Web page caption snippets
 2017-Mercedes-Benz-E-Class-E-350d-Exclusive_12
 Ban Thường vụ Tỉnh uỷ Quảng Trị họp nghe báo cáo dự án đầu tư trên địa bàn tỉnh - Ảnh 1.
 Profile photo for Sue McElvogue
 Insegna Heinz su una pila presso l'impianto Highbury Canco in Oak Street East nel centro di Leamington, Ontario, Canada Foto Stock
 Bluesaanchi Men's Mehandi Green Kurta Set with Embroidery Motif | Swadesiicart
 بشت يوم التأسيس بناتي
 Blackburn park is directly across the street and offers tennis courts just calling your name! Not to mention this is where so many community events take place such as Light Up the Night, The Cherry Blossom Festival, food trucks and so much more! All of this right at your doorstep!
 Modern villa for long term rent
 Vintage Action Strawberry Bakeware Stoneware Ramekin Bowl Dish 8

• **AIM OF THE TASK**:
Please set down exactly the lines running from the one with "Modern villa for long term rent" to the last line of the entries above, both of them included, and no others.

• **OUTPUT FOR THIS TASK**:
 Modern villa for long term rent
 Vintage Action Strawberry Bakeware Stoneware Ramekin Bowl Dish 8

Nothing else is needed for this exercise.